Genomic variation within the core genes
The core genes as calculated above were used for constructing a gene variation plot by performing all-against-all BLAST alignments between 2,882 core gene clusters and all 73 Salmonella enterica genomes. The resulting average identities within each core gene cluster is displayed in Figure 2B. From this figure, the average percent identity was very high (> 98%) in most of the core genes, but dropped sharply for around 5% of the core genes. From this plot, the identified core genes can be divided into two categories: a small group of highly variable genes and the majority of genes which show little variation.
For the highly variable core genes, the variation in amino acid sequences (Figure 2B, green dots) was higher than for the nucleotide sequences (Figure 2B, red dots), whereas the opposite was the case for the more conserved core genes. This indicates that for core genes with low variation there is a selection against mutations leading to amino acid changes, whereas for the highly variable genes, positive selection for amino acid changes seems to be the case. In order to confirm these hypothesis, the approximation of dN/dS has been performed by dividing the number of non-synonymous changes per non-synonymous sites with the number of synnonymous changes per synonymous sites  using S. Typhimurium str. LT2 as a reference genome. The median dN/dS ratio for conserved and highly variable core genes are 1.0 and 1.25 respectively. Therefore, the amino acid changes in highly variable core genes might be due to an increase in positive selection at some sites. Nonetheless, the importance of this needs to be confirmed by additional analysis, although one could imagine, for example, a selective pressure to vary the surface proteins to avoid immune response.

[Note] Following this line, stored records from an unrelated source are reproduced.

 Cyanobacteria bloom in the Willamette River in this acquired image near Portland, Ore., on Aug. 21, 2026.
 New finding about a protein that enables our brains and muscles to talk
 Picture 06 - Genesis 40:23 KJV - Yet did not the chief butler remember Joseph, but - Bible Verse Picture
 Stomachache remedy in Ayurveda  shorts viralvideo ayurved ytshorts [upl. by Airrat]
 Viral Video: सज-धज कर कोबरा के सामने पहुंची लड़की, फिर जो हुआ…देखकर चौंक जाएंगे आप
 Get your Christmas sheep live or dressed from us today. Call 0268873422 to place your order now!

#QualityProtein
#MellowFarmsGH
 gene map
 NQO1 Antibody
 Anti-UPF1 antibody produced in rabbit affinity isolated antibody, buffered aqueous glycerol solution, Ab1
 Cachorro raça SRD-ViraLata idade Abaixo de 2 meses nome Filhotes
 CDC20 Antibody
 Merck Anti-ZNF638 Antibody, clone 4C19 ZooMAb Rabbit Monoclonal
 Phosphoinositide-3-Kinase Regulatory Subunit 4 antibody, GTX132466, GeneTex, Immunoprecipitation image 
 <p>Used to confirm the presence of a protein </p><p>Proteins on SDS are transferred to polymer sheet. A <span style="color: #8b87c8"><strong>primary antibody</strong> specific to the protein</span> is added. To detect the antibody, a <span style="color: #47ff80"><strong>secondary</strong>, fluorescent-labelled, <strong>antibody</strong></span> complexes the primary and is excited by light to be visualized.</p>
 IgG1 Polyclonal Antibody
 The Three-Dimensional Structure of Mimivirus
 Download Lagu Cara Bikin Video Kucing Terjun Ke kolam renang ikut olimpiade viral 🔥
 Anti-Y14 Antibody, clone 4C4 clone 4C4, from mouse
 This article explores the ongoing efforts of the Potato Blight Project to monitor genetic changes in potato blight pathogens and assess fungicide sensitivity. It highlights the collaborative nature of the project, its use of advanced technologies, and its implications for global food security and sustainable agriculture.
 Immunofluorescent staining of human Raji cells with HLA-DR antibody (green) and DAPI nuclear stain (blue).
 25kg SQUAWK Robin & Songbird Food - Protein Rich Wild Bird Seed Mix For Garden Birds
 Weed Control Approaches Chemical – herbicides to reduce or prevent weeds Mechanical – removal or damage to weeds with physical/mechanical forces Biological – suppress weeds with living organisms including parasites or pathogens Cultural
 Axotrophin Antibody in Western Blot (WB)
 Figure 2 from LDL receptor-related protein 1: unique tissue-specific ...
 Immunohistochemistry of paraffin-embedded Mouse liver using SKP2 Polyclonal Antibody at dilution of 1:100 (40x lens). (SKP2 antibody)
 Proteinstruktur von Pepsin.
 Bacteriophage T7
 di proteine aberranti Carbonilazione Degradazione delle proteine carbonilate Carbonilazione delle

The seven genes used for MLST are marked in the Figure 2B, and are scattered throughout the highly conserved part of the core genes (Figure 2B, black dots) and, as expected, little variation exists in these genes. Including core genes from both the highly conserved and variable regions might be beneficial in evolution studies. On the one hand, the more slowly evolving genes are useful in distinguishing between divergent and convergent evolution, while faster evolving genes can help in strain identification.
Functional analysis of conserved genes
In order to determine the functional profile of core genes, the core gene clusters were aligned against UniProt . Functional profiles were determined based on Gene Ontology (GO) terms and visualized in Figure 3. Though the difference is generally small, some terms common in conserved core genes tend to be less frequent in highly variable core genes; for example, electron carrier activity, structural molecule activity and metallochaperone activity. These functions are essential for living cells and are therefore enriched in conserved core genes. On the other hand, highly variable core genes encode many proteins that are associated with the extracellular region. In general, genes located outside the cell are known to be more variable .
Consensus tree based on core gene clusters
Figure 4 shows a phylogenetic tree generated from the sequence of all 2,882 Salmonella core gene clusters. The tree generally divides the serotypes up well, but the bootstrap value in several branches is very low. This uncertainty could be due to the large number of core gene trees being analyzed individually; the low bootstrap values near the root reflect a lack of consensus at the higher levels. In contrast, the low bootstrap values found in S. Montevideo strains likely reflect uncertainty due to the high similarity of gene sequence of the clonal outbreak. All S. Montevideo strains sequenced were from a single outbreak  and as expected this analysis confirmed the almost complete identity of these isolates.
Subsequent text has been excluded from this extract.